I’ve seen teams namedrop Kant without explaining how the Categorical Imperative works or clearly applying it to the case. This made them appear less competent than had they avoided Kantianism in the first place. I’ve also seen teams offer conflicting analyses of the same case from the perspective of multiple theories, with no suggestions on how to resolve the tension. Judges were visibly unimpressed.

Analyzing cases from the perspective of ethical theories during bowl prep can be a great way to clarify the morally relevant considerations, as well as what’s at stake and most important. This is because ethical theories are really just amplifications and logical defenses of moral considerations we already intuitively endorse.

  • Kantianism: rational consistency and respect for persons
  • Consequentialism/Utilitarianism: consequences/happiness
  • Feminist Care Ethics: the importance of relational ties, and how we should usually prioritize the interests of loved ones
  • Virtue Ethics: the relevance of how our actions reveal and shape our character

People naturally apply these same reasons to moral questions, and so will your team.

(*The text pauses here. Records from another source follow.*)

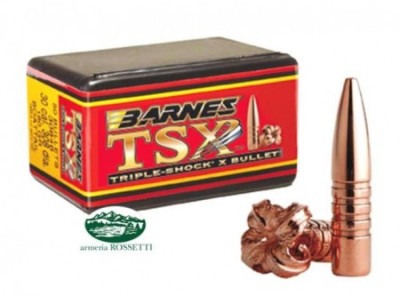BARNES TSX 6mm 85gr - 30212
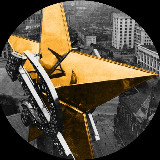 Аватарка канала Окно в Прошлое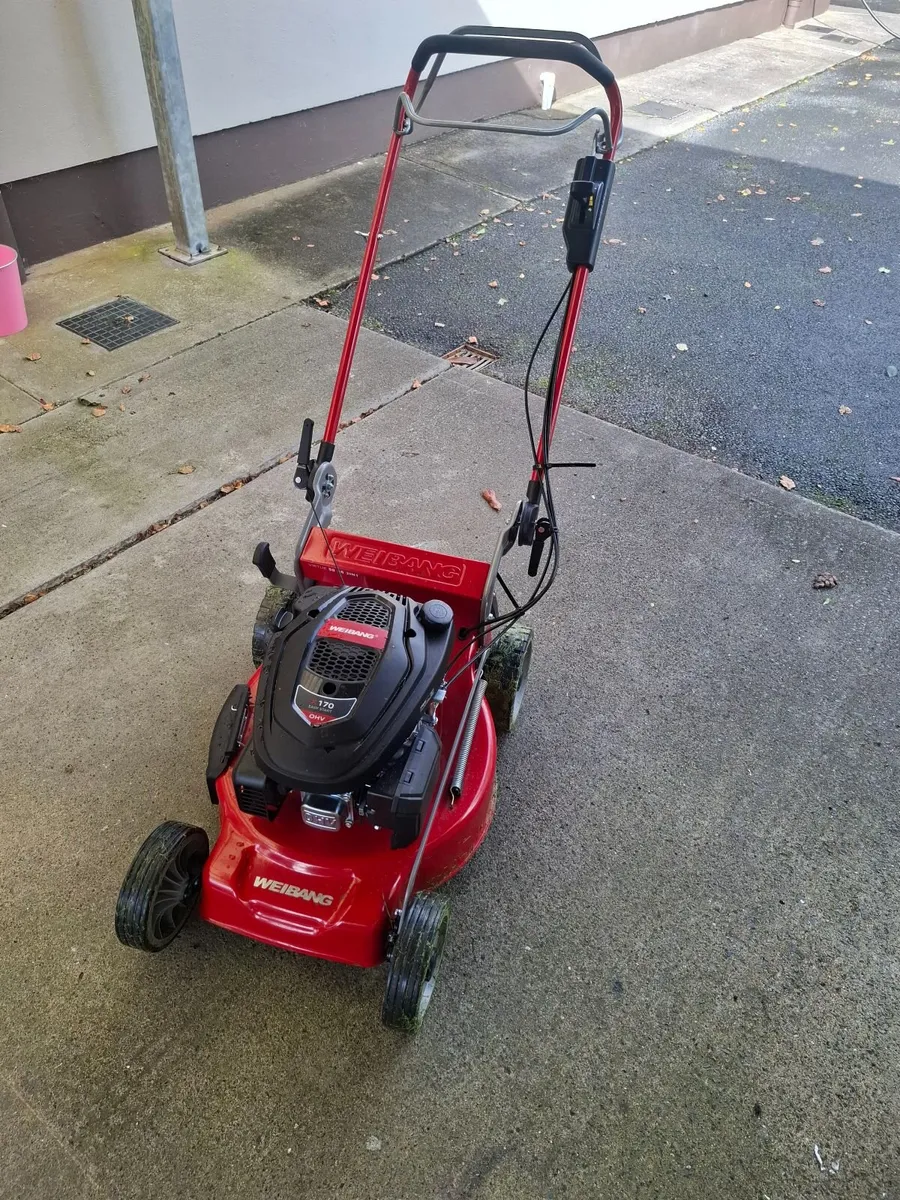 Lawnmower - Image 3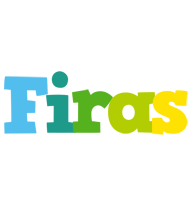 Firas rainbows logo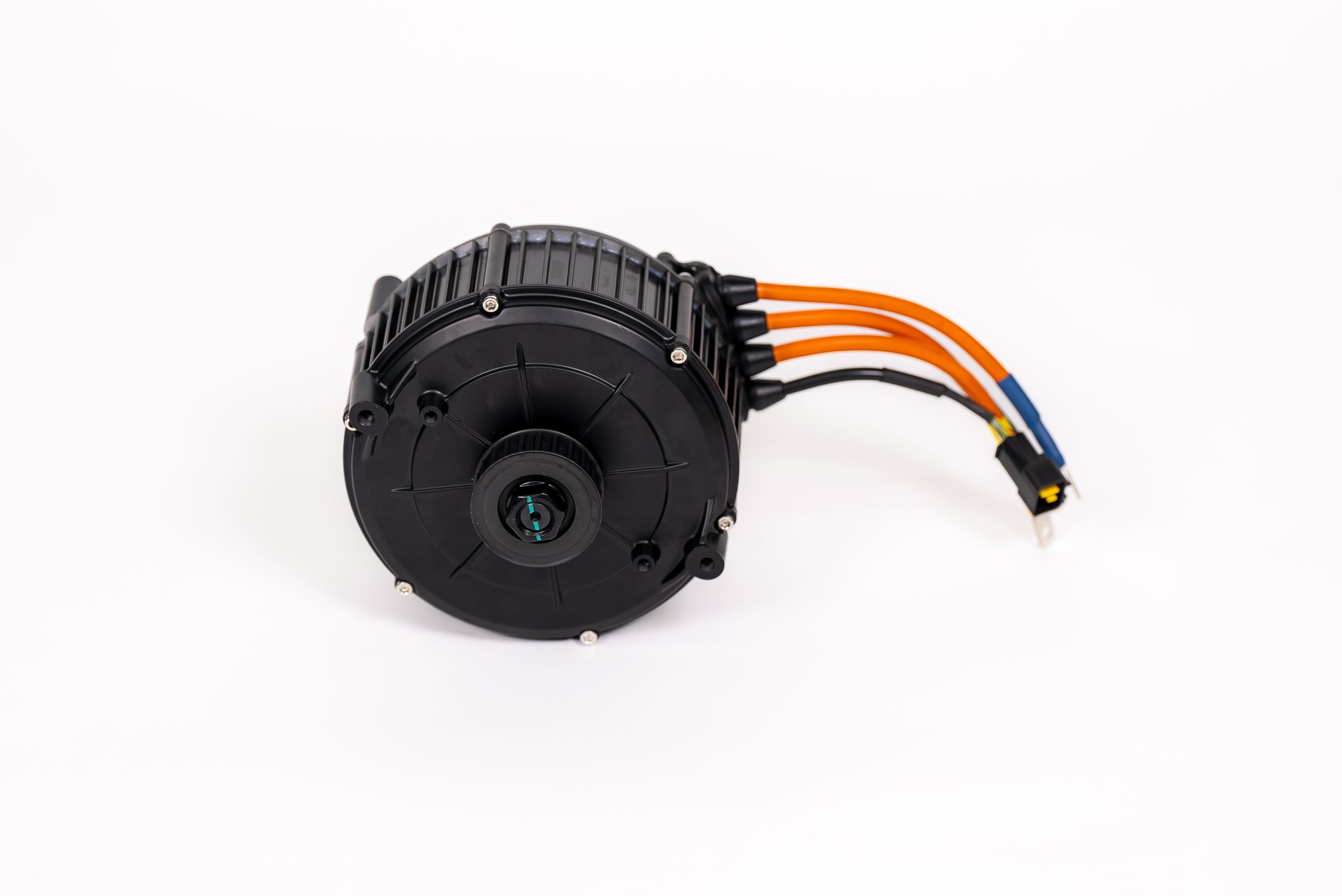 QS165 35H V3 Hall Motor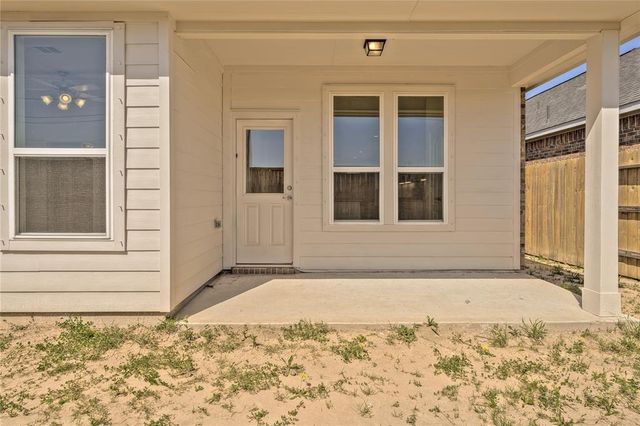 13201 Dancing Reed Drive, Texas City, TX 77568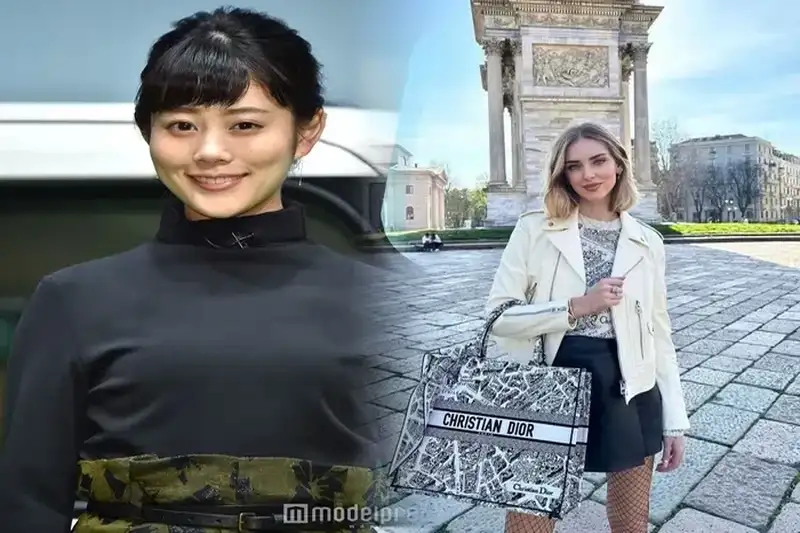 ディオール「ディオール ヴァイブ」にスポーティーな新作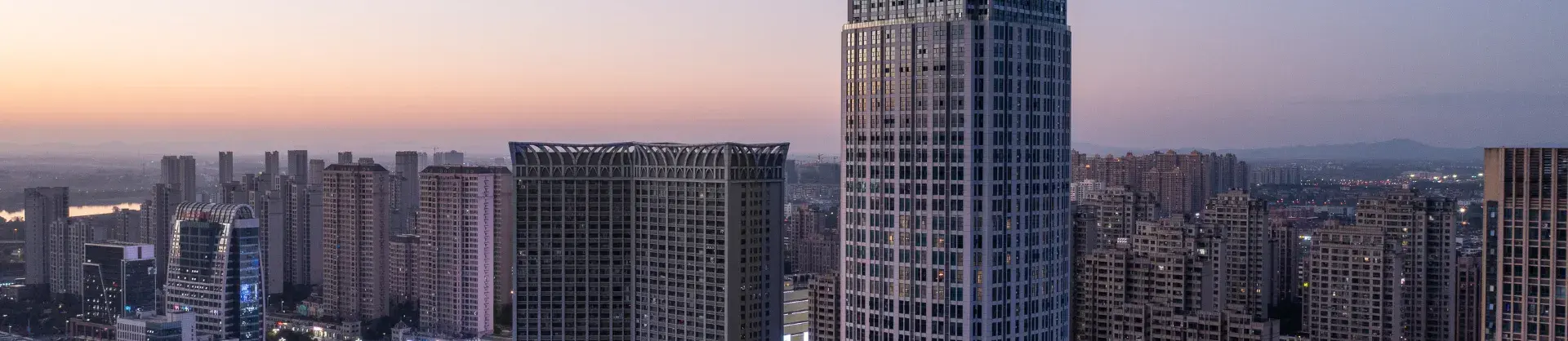 Four-Star Hotels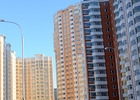 В 2014 году в Москве планируется построить 58 жилых домов на средства городского бюджета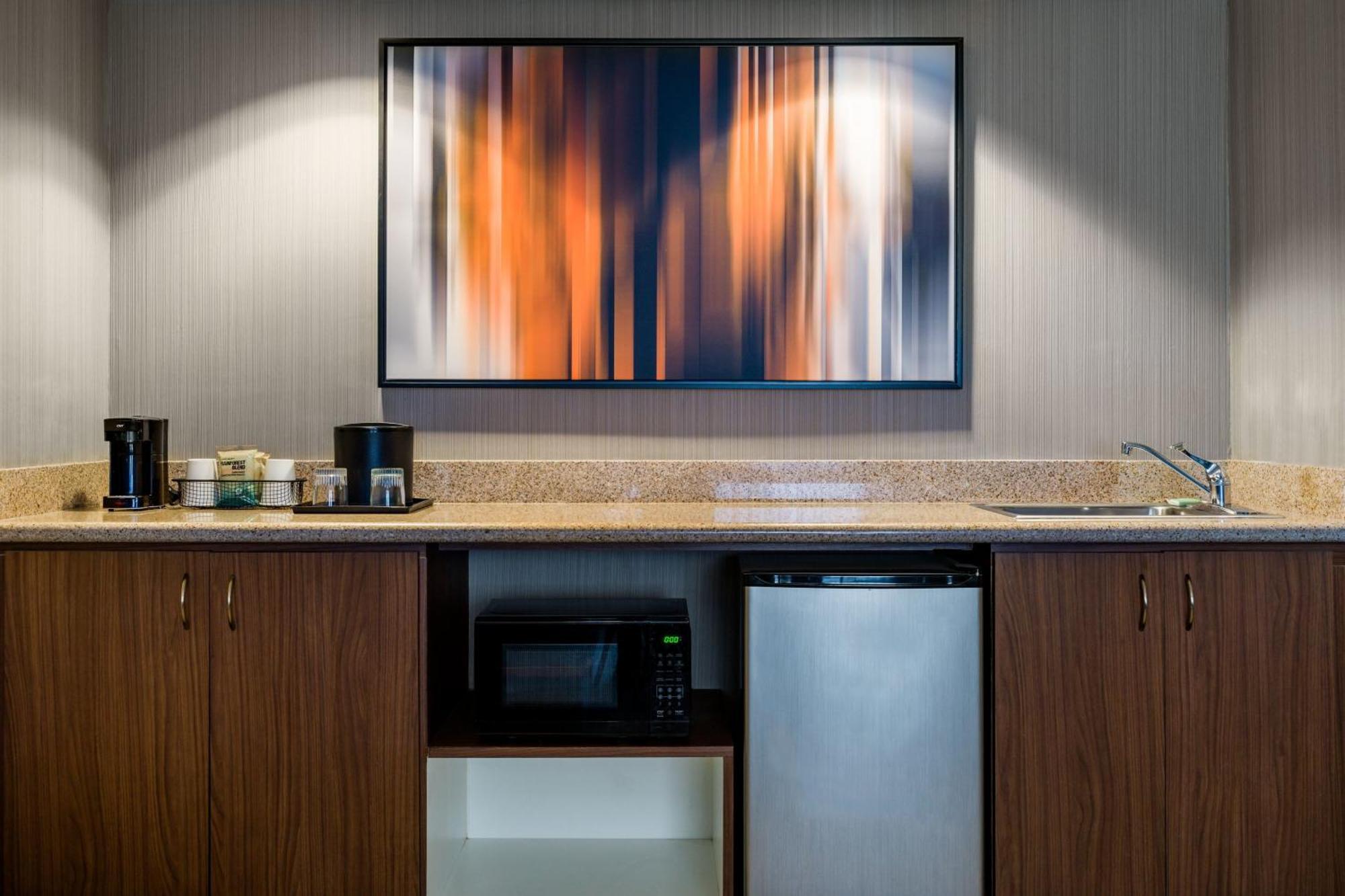 Courtyard By Marriott Vacaville Luaran gambar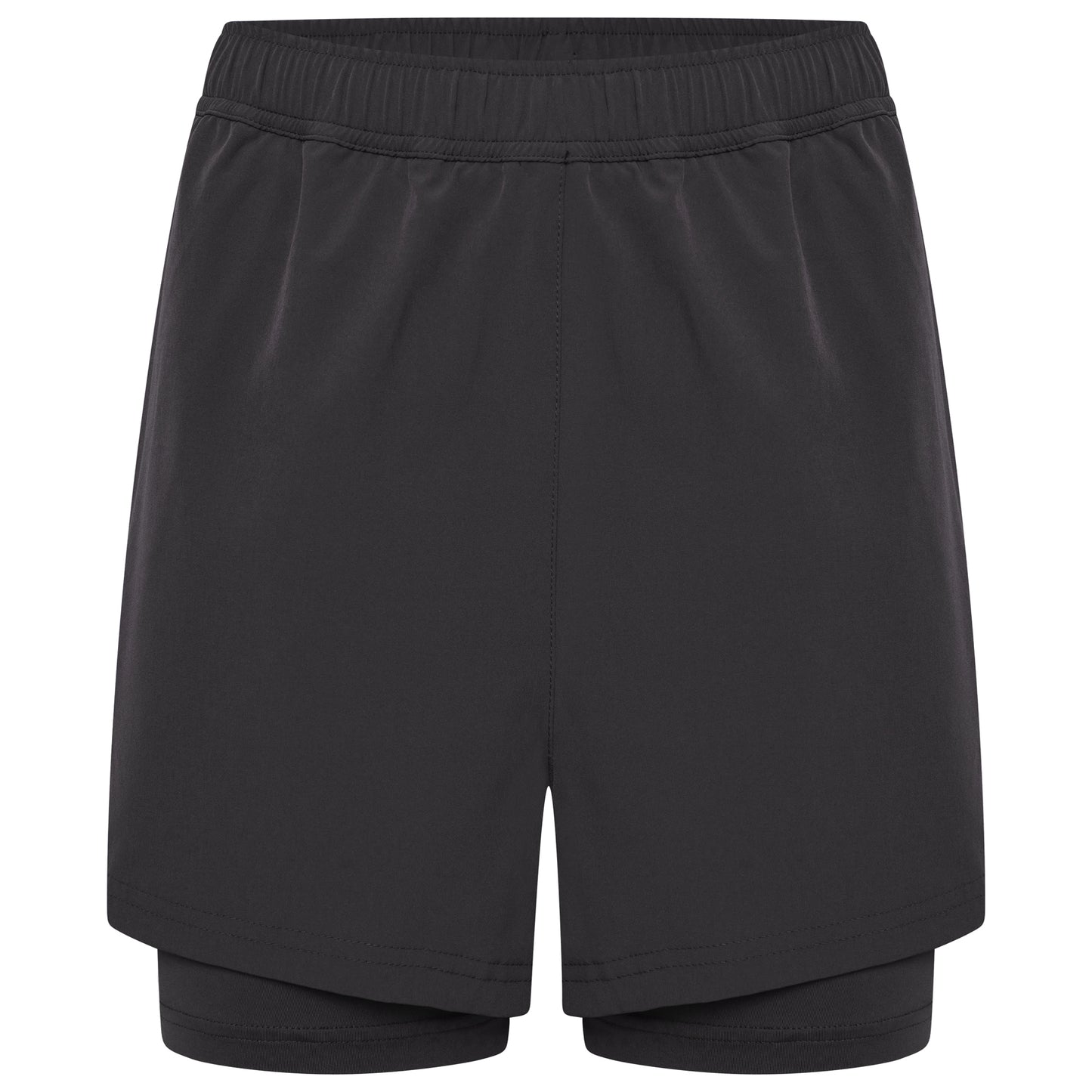 Ladies Eco Tech 2 in 1 Short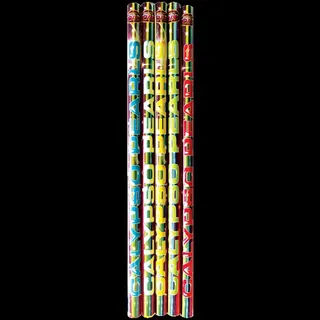 The box of x2 Calypso Pearls 10 Shots - 5pces each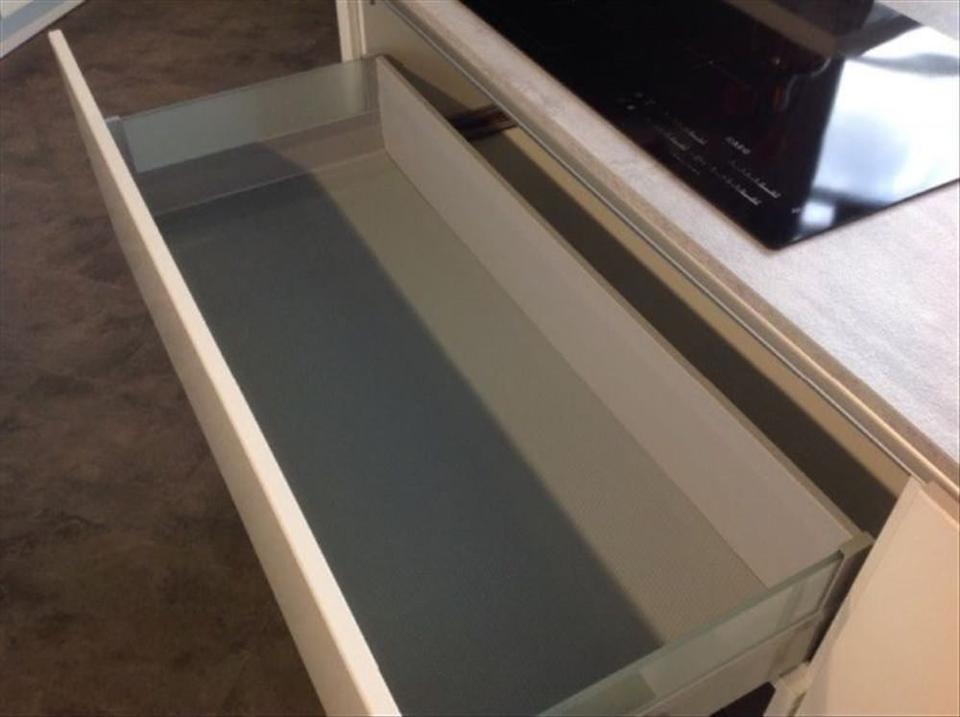 Inselküche Küche ❌ Einbauküche nach Wunsch ❌ frei geplant J3 - Bild 12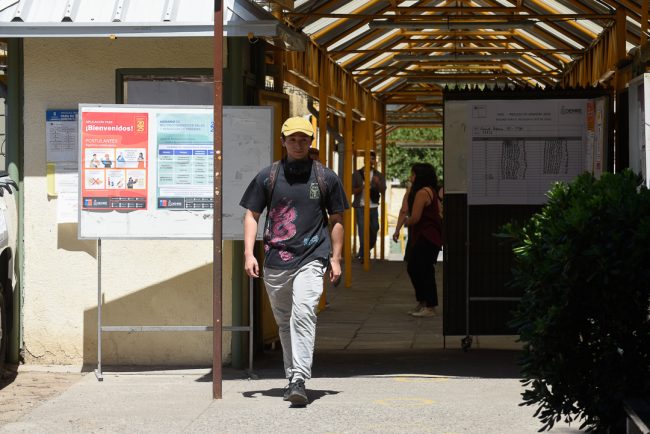 Admisión 2027: Demre publica oferta definitiva con 44 nuevas opciones de estudio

The benefit of employing ethical theory during bowl prep is that this can help clarify, order and validate your team’s moral intuitions, which can sharpen and strengthen the arguments they present at the bowl.

If your team’s really good, they can even namedrop old Kant. Just make sure they’re ready to illustrate that universalizability test during the judges Q&A, should one of them request it.

But don’t take my word for it. What’s been your experience with ethical theory and ethics bowl? Overall helpful or harmful?